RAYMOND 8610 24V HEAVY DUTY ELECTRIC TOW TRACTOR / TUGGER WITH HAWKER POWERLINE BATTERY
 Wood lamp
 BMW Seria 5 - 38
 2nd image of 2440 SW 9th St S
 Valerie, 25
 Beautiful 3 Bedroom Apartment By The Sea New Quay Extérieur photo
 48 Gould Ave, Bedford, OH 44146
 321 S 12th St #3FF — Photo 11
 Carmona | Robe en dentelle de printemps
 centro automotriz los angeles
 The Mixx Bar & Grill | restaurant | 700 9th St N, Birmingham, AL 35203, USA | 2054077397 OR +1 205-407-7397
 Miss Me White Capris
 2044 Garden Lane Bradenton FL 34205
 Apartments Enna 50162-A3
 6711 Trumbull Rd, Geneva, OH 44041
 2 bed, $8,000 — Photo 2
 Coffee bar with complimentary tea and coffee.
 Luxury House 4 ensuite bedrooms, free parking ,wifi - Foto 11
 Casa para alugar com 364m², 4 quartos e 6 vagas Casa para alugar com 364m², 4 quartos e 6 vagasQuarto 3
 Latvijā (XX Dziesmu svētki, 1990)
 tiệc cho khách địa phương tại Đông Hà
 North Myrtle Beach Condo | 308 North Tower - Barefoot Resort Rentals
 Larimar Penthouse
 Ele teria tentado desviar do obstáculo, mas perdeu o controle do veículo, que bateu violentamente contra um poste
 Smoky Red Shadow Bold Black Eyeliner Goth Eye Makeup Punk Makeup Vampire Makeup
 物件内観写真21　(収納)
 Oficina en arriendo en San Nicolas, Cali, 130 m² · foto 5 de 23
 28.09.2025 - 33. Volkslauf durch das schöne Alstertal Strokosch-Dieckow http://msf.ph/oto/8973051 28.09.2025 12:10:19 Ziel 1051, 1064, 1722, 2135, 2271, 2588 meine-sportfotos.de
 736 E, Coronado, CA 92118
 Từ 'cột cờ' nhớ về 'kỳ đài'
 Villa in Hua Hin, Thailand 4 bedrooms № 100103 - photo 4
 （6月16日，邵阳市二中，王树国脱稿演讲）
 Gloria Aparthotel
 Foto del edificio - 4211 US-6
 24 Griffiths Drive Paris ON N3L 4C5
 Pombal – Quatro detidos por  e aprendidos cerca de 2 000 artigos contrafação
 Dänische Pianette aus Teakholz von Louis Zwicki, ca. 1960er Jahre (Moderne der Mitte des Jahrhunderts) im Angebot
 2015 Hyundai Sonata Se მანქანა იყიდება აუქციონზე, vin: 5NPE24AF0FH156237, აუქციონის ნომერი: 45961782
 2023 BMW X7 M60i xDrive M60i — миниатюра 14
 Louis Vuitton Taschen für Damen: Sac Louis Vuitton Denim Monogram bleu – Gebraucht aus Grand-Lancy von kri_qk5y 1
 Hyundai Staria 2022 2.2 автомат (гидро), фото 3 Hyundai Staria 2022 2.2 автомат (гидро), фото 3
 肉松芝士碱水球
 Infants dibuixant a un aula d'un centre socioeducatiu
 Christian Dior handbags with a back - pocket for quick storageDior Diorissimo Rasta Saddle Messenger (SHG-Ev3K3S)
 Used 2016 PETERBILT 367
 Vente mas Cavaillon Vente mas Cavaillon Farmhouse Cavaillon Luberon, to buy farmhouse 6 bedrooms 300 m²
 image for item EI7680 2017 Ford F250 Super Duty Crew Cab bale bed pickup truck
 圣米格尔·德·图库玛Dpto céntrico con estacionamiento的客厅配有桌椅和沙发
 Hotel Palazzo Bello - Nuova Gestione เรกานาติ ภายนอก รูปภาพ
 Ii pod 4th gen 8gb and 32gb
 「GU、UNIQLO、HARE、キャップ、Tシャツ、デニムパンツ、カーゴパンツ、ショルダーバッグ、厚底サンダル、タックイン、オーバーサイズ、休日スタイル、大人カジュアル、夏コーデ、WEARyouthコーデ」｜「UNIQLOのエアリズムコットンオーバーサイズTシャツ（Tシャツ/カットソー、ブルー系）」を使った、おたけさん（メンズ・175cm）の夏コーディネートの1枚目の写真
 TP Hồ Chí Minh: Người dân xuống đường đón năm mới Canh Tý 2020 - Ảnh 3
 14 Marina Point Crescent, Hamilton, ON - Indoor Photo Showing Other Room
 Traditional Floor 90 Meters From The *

──────

From the first line to the last, return the data exactly as written.

• **EXERCISE SOLUTION**
RAYMOND 8610 24V HEAVY DUTY ELECTRIC TOW TRACTOR / TUGGER WITH HAWKER POWERLINE BATTERY
 Wood lamp
 BMW Seria 5 - 38
 2nd image of 2440 SW 9th St S
 Valerie, 25
 Beautiful 3 Bedroom Apartment By The Sea New Quay Extérieur photo
 48 Gould Ave, Bedford, OH 44146
 321 S 12th St #3FF — Photo 11
 Carmona | Robe en dentelle de printemps
 centro automotriz los angeles
 The Mixx Bar & Grill | restaurant | 700 9th St N, Birmingham, AL 35203, USA | 2054077397 OR +1 205-407-7397
 Miss Me White Capris
 2044 Garden Lane Bradenton FL 34205
 Apartments Enna 50162-A3
 6711 Trumbull Rd, Geneva, OH 44041
 2 bed, $8,000 — Photo 2
 Coffee bar with complimentary tea and coffee.
 Luxury House 4 ensuite bedrooms, free parking ,wifi - Foto 11
 Casa para alugar com 364m², 4 quartos e 6 vagas Casa para alugar com 364m², 4 quartos e 6 vagasQuarto 3
 Latvijā (XX Dziesmu svētki, 1990)
 tiệc cho khách địa phương tại Đông Hà
 North Myrtle Beach Condo | 308 North Tower - Barefoot Resort Rentals
 Larimar Penthouse
 Ele teria tentado desviar do obstáculo, mas perdeu o controle do veículo, que bateu violentamente contra um poste
 Smoky Red Shadow Bold Black Eyeliner Goth Eye Makeup Punk Makeup Vampire Makeup
 物件内観写真21　(収納)
 Oficina en arriendo en San Nicolas, Cali, 130 m² · foto 5 de 23
 28.09.2025 - 33. Volkslauf durch das schöne Alstertal Strokosch-Dieckow http://msf.ph/oto/8973051 28.09.2025 12:10:19 Ziel 1051, 1064, 1722, 2135, 2271, 2588 meine-sportfotos.de
 736 E, Coronado, CA 92118
 Từ 'cột cờ' nhớ về 'kỳ đài'
 Villa in Hua Hin, Thailand 4 bedrooms № 100103 - photo 4
 （6月16日，邵阳市二中，王树国脱稿演讲）
 Gloria Aparthotel
 Foto del edificio - 4211 US-6
 24 Griffiths Drive Paris ON N3L 4C5
 Pombal – Quatro detidos por  e aprendidos cerca de 2 000 artigos contrafação
 Dänische Pianette aus Teakholz von Louis Zwicki, ca. 1960er Jahre (Moderne der Mitte des Jahrhunderts) im Angebot
 2015 Hyundai Sonata Se მანქანა იყიდება აუქციონზე, vin: 5NPE24AF0FH156237, აუქციონის ნომერი: 45961782
 2023 BMW X7 M60i xDrive M60i — миниатюра 14
 Louis Vuitton Taschen für Damen: Sac Louis Vuitton Denim Monogram bleu – Gebraucht aus Grand-Lancy von kri_qk5y 1
 Hyundai Staria 2022 2.2 автомат (гидро), фото 3 Hyundai Staria 2022 2.2 автомат (гидро), фото 3
 肉松芝士碱水球
 Infants dibuixant a un aula d'un centre socioeducatiu
 Christian Dior handbags with a back - pocket for quick storageDior Diorissimo Rasta Saddle Messenger (SHG-Ev3K3S)
 Used 2016 PETERBILT 367
 Vente mas Cavaillon Vente mas Cavaillon Farmhouse Cavaillon Luberon, to buy farmhouse 6 bedrooms 300 m²
 image for item EI7680 2017 Ford F250 Super Duty Crew Cab bale bed pickup truck
 圣米格尔·德·图库玛Dpto céntrico con estacionamiento的客厅配有桌椅和沙发
 Hotel Palazzo Bello - Nuova Gestione เรกานาติ ภายนอก รูปภาพ
 Ii pod 4th gen 8gb and 32gb
 「GU、UNIQLO、HARE、キャップ、Tシャツ、デニムパンツ、カーゴパンツ、ショルダーバッグ、厚底サンダル、タックイン、オーバーサイズ、休日スタイル、大人カジュアル、夏コーデ、WEARyouthコーデ」｜「UNIQLOのエアリズムコットンオーバーサイズTシャツ（Tシャツ/カットソー、ブルー系）」を使った、おたけさん（メンズ・175cm）の夏コーディネートの1枚目の写真
 TP Hồ Chí Minh: Người dân xuống đường đón năm mới Canh Tý 2020 - Ảnh 3
 14 Marina Point Crescent, Hamilton, ON - Indoor Photo Showing Other Room
 Traditional Floor 90 Meters From The *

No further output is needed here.